WORK INSTRUCTIONS
Leaving the pictures aside, restate all of the data exactly.

>>

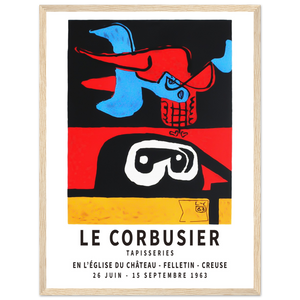 Le Corbusier 1963 Exhibition Artwork Poster - Matte / 18 x 24″ (45 x 60cm) / Wood - Poster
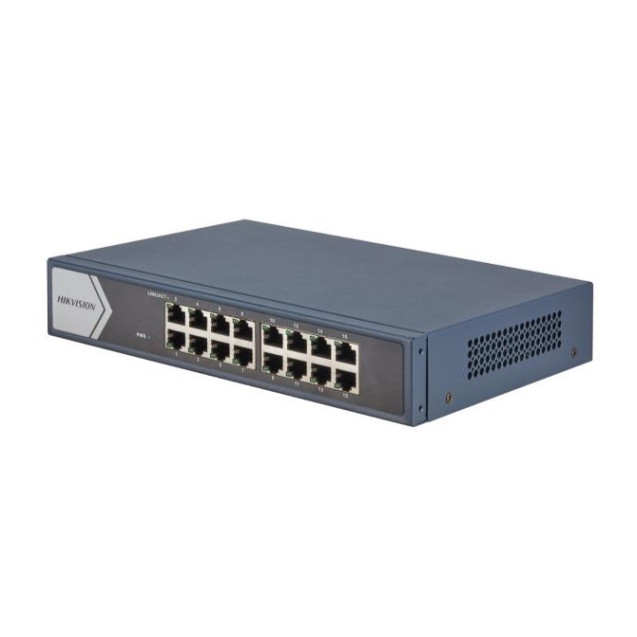 SWITCH 16 PORTAS GIGABIT DS-3E0516-E HIKVISION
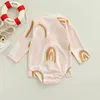 0 5Y Kids Girls Children Swimwear Beachwear Long Sleeves Palm Printed Zippered Swimsuit Swimming Bathing Suit 220530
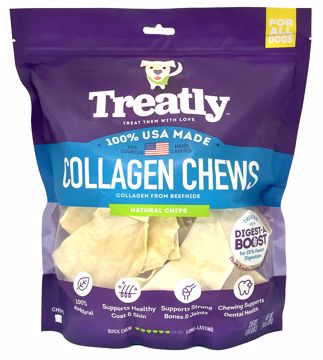 Picture of 14 OZ. TREATLY USA COLLAGEN CHIPS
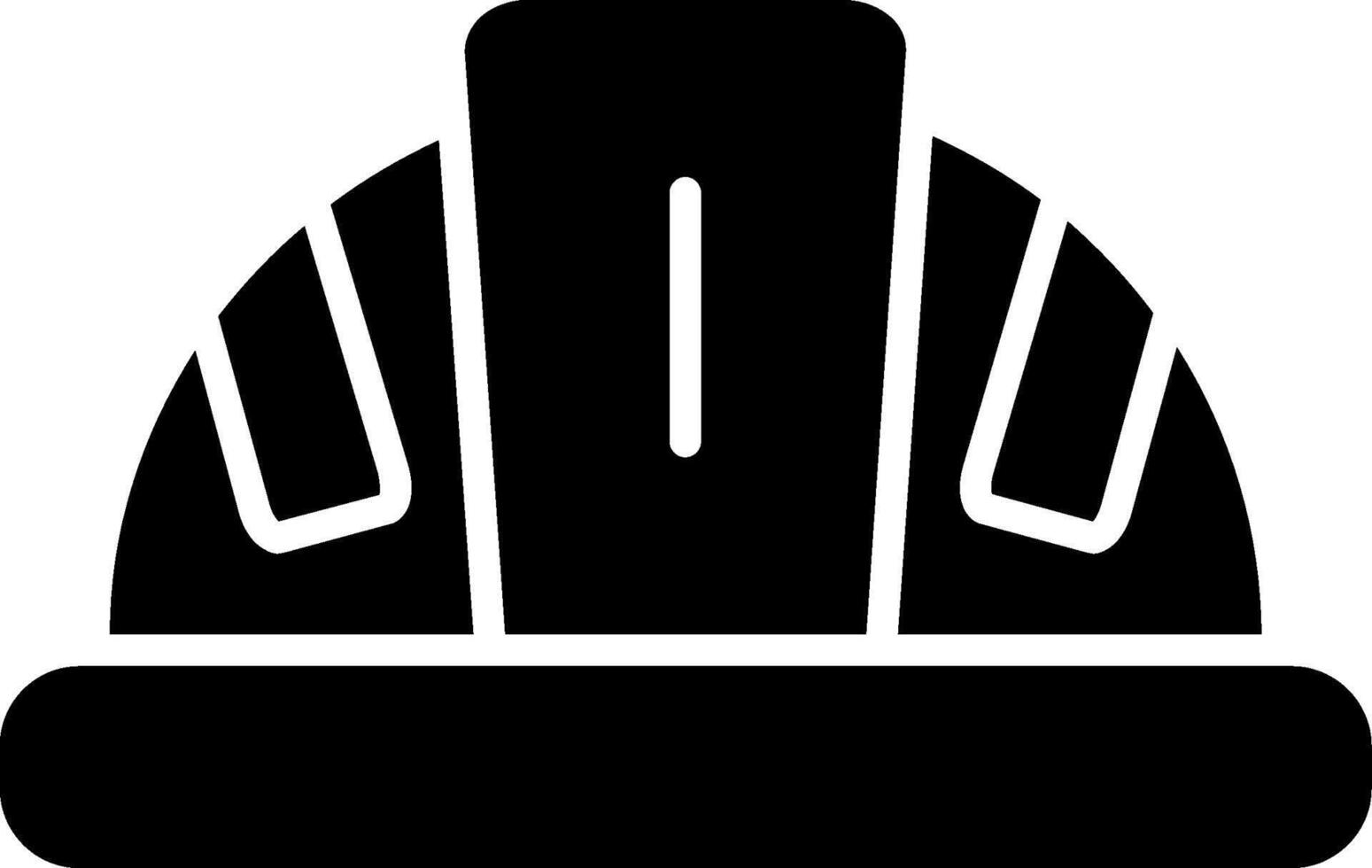 Helmet Glyph Icon vector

<<

WRITTEN RESPONSE
 Le Corbusier 1963 Exhibition Artwork Poster - Matte / 18 x 24″ (45 x 60cm) / Wood - Poster
 SWITCH 16 PORTAS GIGABIT DS-3E0516-E HIKVISION
 0 5Y Kids Girls Children Swimwear Beachwear Long Sleeves Palm Printed Zippered Swimsuit Swimming Bathing Suit 220530
 Picture of 14 OZ. TREATLY USA COLLAGEN CHIPS
 Helmet Glyph Icon vector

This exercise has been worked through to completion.